— WHAT IS REQUIRED —
Print exactly the lines from the one that contains "Figure 4 for" through the final line of the entries below, both included, and nothing else; omit the pictures.
*** LISTED RECORDS
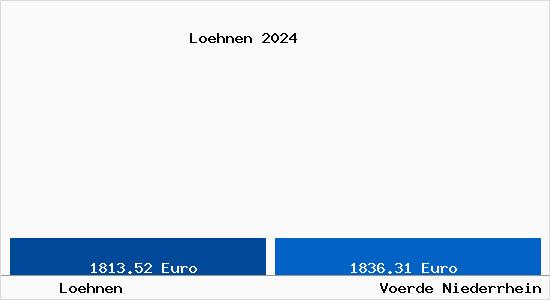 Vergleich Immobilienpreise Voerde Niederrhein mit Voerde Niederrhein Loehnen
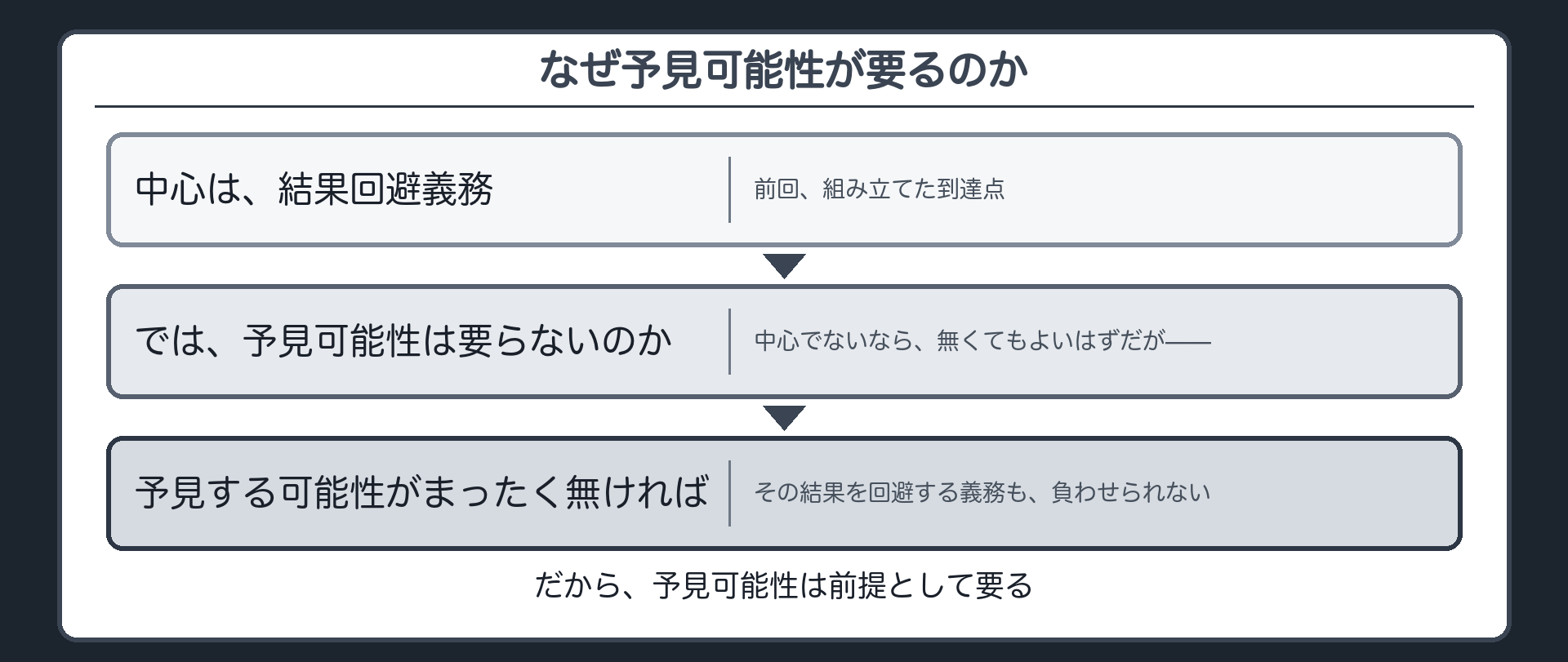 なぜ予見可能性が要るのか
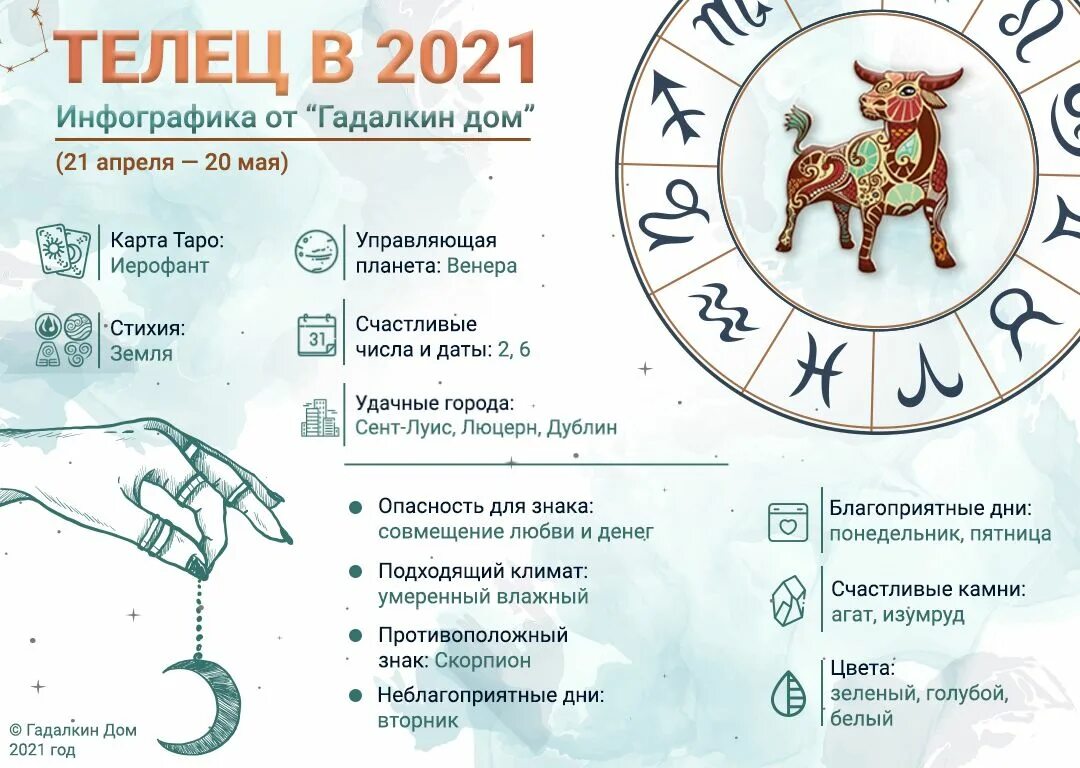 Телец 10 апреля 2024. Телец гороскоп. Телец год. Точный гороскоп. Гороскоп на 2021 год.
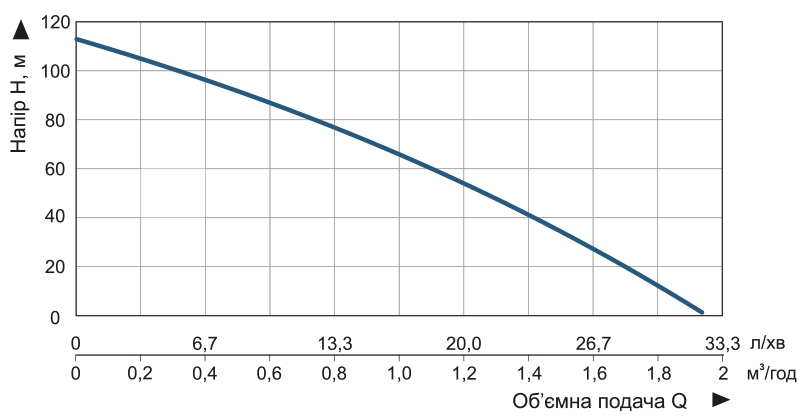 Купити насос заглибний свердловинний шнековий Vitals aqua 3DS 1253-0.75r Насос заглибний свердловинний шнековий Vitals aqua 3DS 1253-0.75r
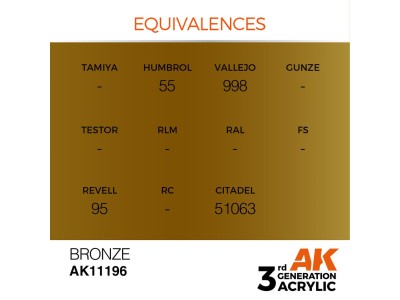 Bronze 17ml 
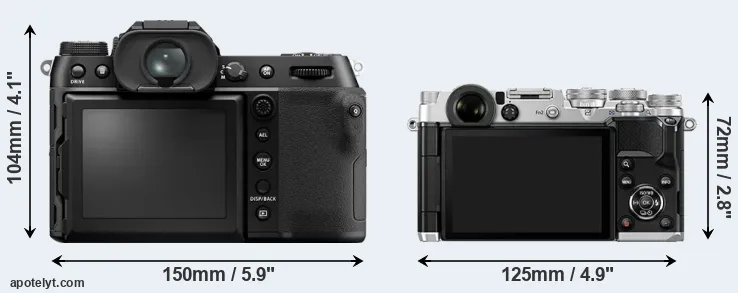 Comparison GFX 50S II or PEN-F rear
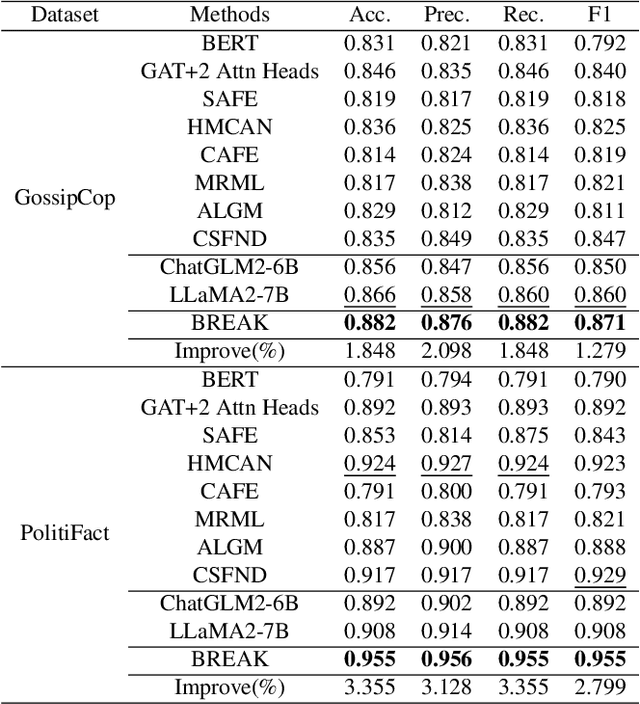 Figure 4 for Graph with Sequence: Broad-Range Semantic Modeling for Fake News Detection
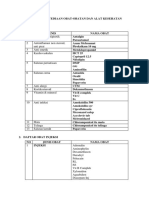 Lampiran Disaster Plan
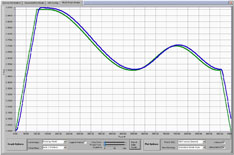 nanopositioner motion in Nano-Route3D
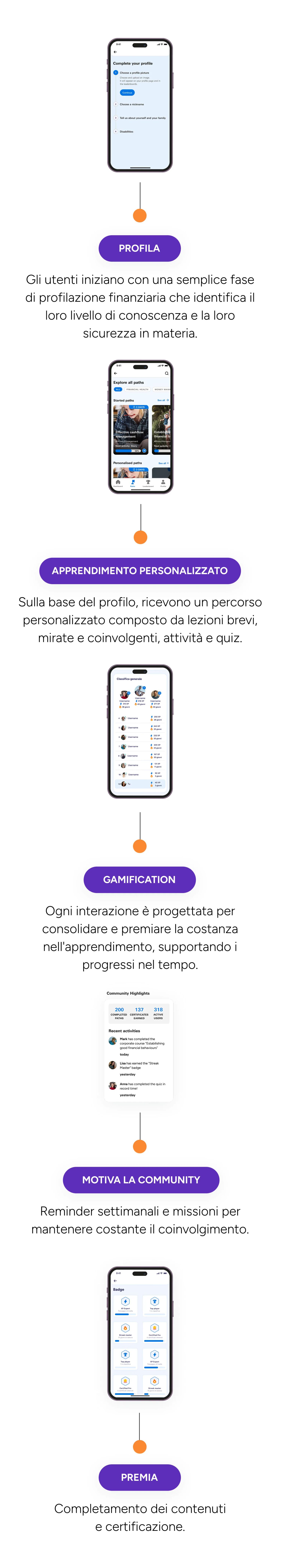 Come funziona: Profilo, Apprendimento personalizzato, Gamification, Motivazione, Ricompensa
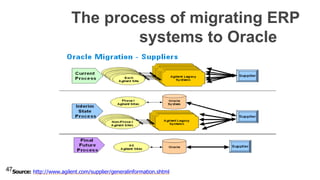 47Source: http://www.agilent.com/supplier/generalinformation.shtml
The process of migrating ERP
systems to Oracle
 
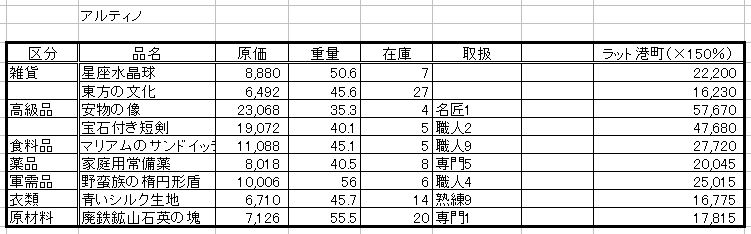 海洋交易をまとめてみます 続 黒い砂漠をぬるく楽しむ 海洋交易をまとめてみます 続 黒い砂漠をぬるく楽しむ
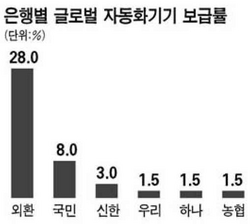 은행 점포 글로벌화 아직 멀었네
******
— TASK RESPONSE —
 Figure 4 for Graph with Sequence: Broad-Range Semantic Modeling for Fake News Detection
 Lampiran Disaster Plan
 nanopositioner motion in Nano-Route3D
 Come funziona: Profilo, Apprendimento personalizzato, Gamification, Motivazione, Ricompensa
 47Source: http://www.agilent.com/supplier/generalinformation.shtml
The process of migrating ERP
systems to Oracle
 
 海洋交易をまとめてみます 続 黒い砂漠をぬるく楽しむ 海洋交易をまとめてみます 続 黒い砂漠をぬるく楽しむ
 은행 점포 글로벌화 아직 멀었네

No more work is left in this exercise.